#### PROBLEM TO SOLVE
The reply should hold only the lines from the one with "305 N 5th St, Thorndale, TX 76577" to the one with "Yamaha Ybr G 125 8", both ends kept, exactly as they appear below, without any pictures.

#### SUPPLIED DATA
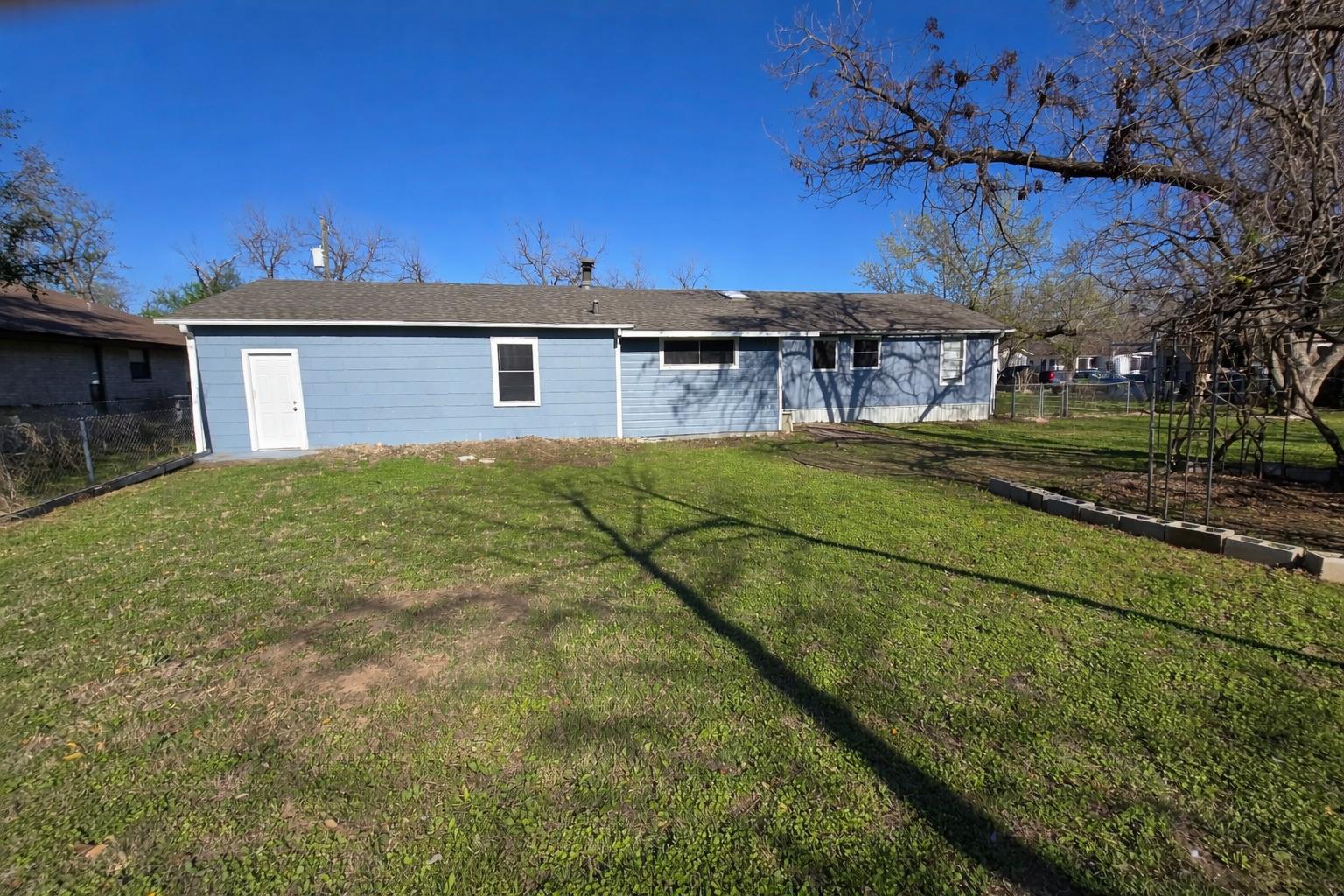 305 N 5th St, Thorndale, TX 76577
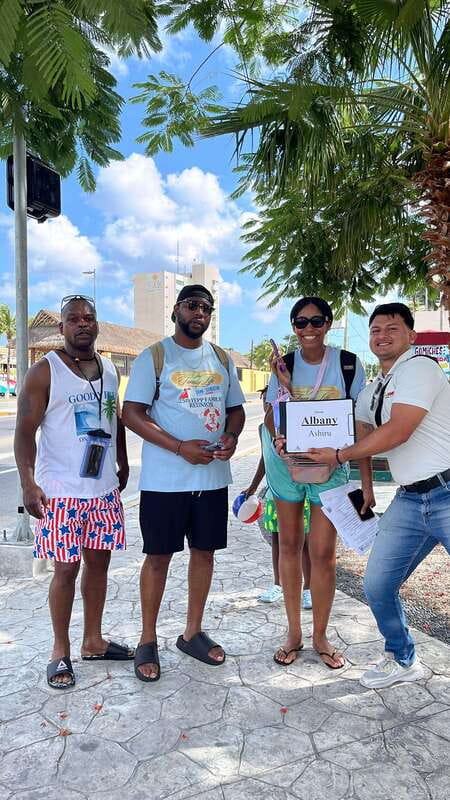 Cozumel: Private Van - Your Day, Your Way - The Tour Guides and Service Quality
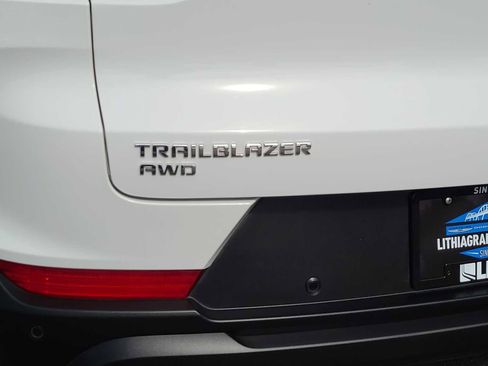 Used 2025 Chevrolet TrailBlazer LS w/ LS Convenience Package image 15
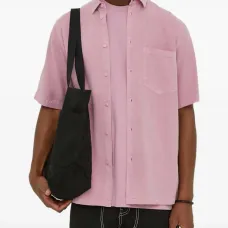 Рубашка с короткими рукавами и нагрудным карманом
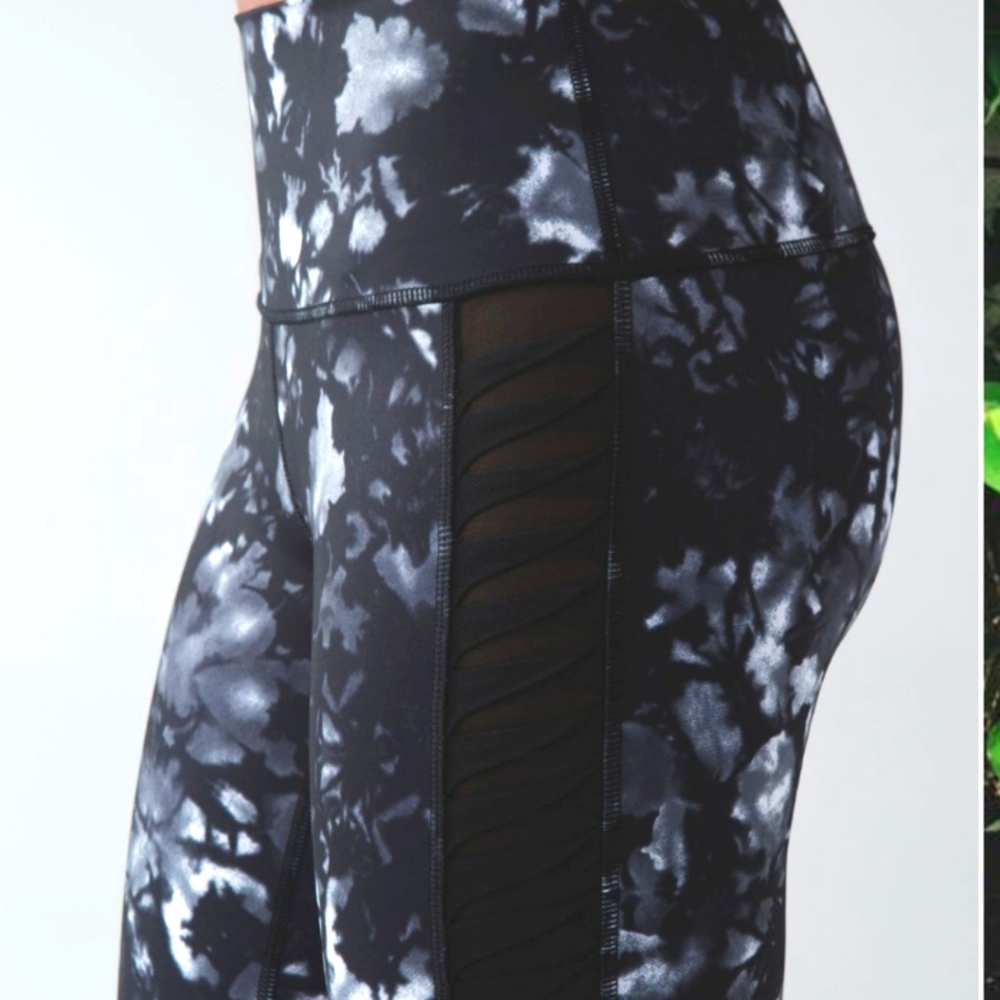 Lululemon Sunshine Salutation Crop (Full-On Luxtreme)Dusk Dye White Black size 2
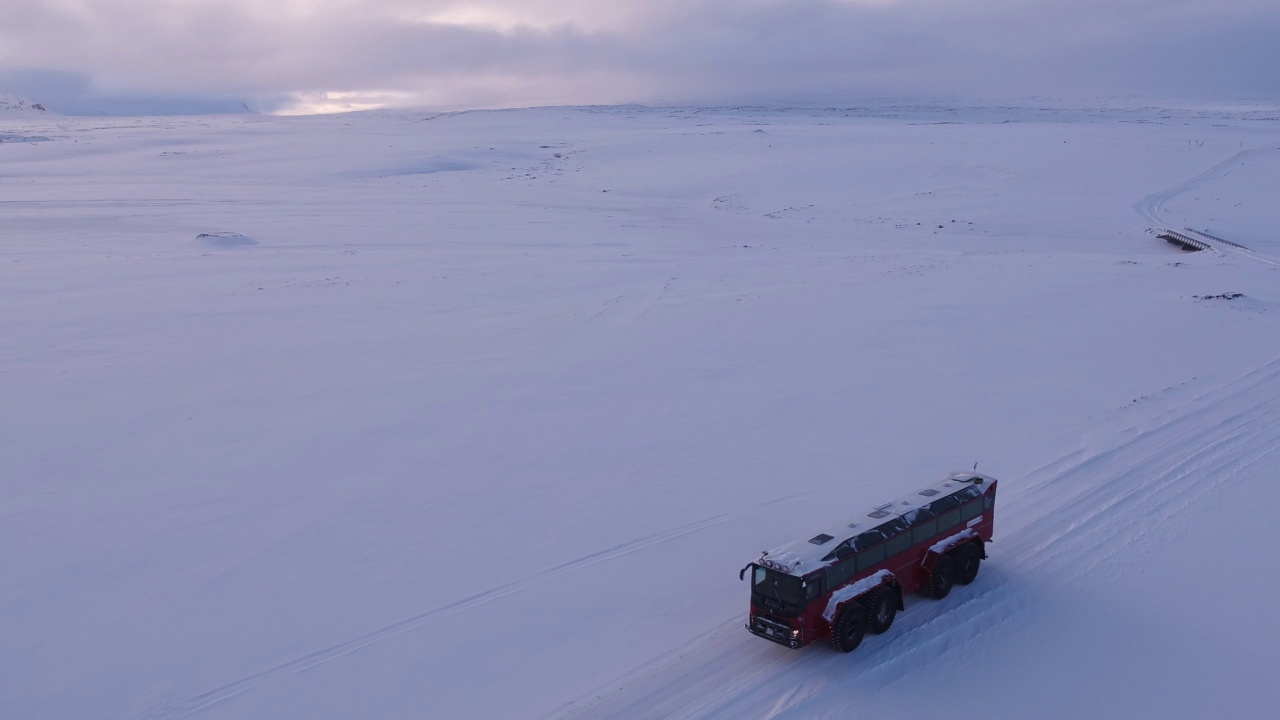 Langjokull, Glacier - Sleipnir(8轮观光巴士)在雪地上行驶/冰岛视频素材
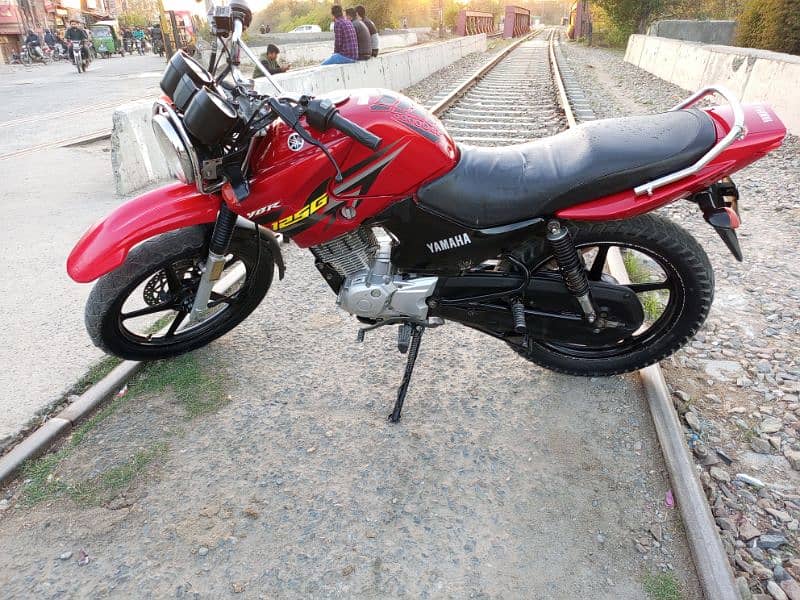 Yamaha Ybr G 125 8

---

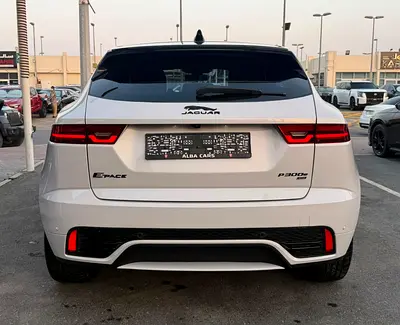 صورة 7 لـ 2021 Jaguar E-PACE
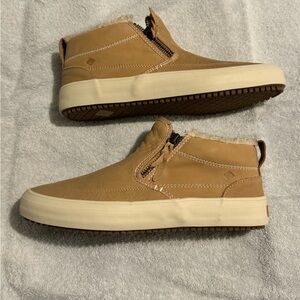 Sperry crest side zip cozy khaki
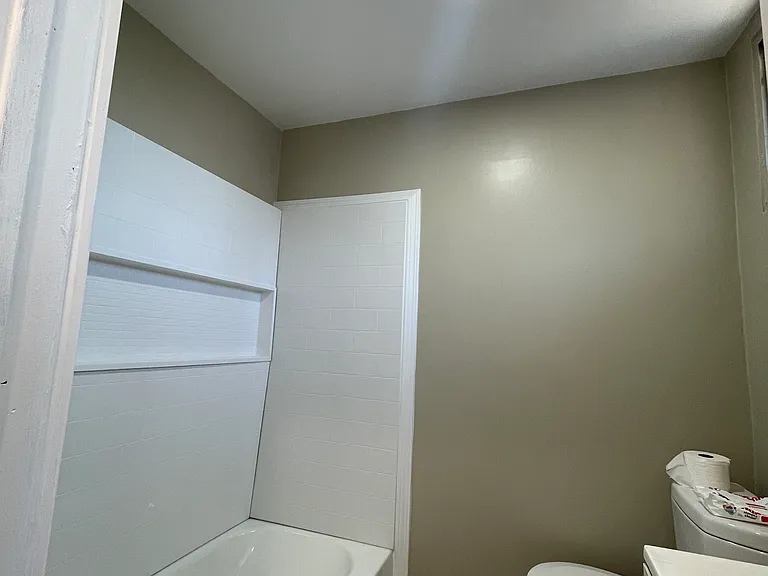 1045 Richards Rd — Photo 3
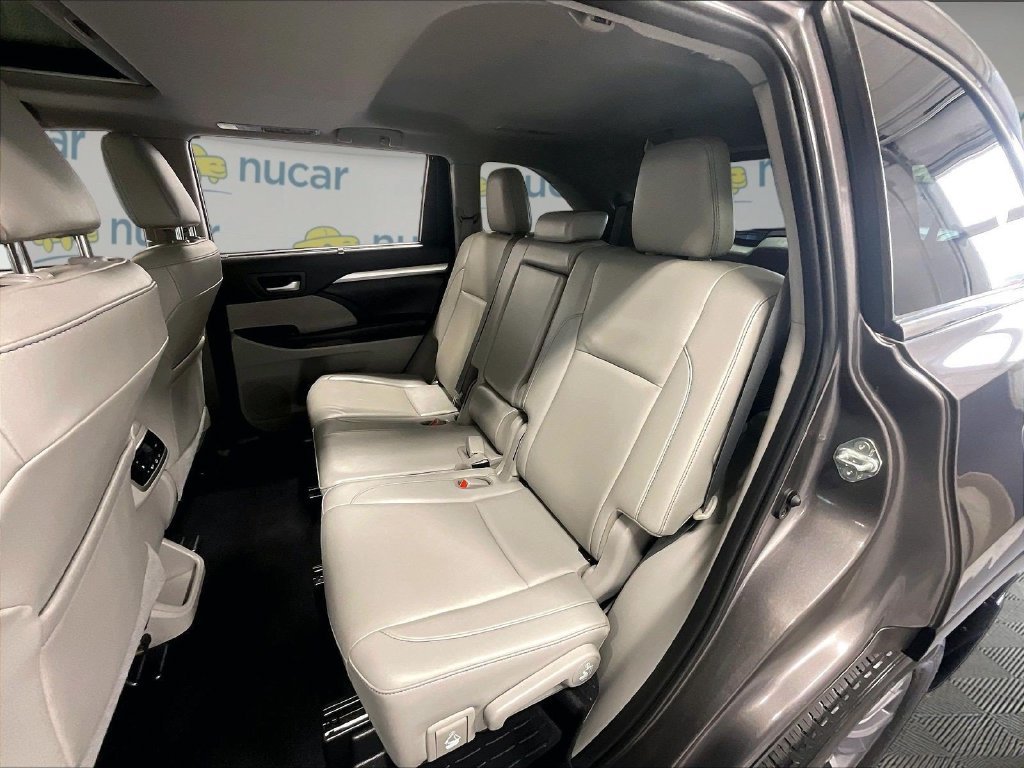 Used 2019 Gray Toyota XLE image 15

...

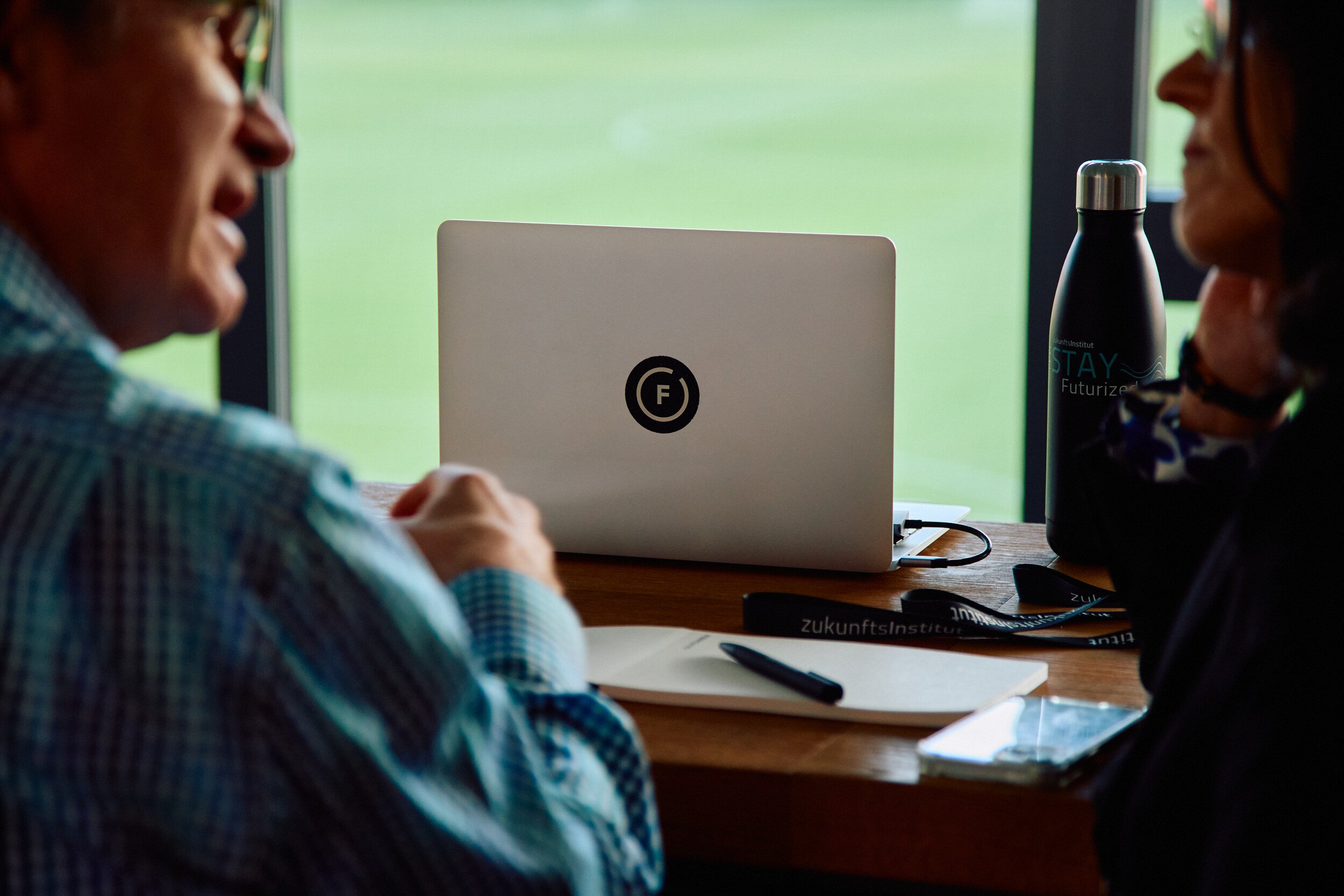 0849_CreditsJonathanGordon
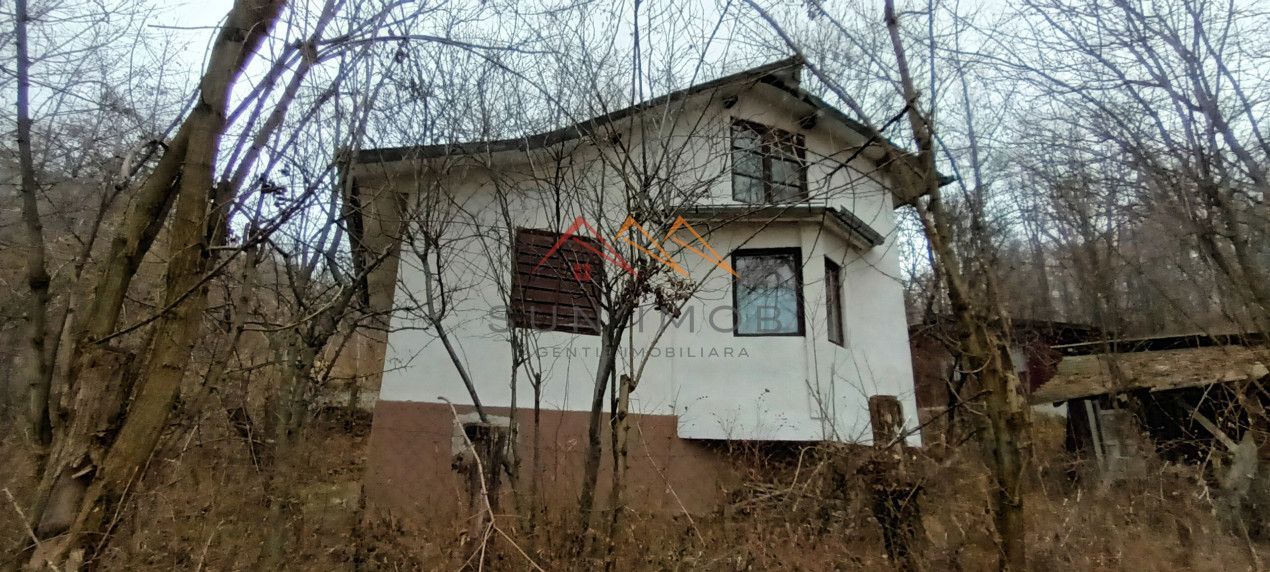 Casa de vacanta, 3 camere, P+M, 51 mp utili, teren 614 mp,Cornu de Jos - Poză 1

#### RESPONSE
 305 N 5th St, Thorndale, TX 76577
 Cozumel: Private Van - Your Day, Your Way - The Tour Guides and Service Quality
 Used 2025 Chevrolet TrailBlazer LS w/ LS Convenience Package image 15
 Рубашка с короткими рукавами и нагрудным карманом
 Lululemon Sunshine Salutation Crop (Full-On Luxtreme)Dusk Dye White Black size 2
 Langjokull, Glacier - Sleipnir(8轮观光巴士)在雪地上行驶/冰岛视频素材
 Yamaha Ybr G 125 8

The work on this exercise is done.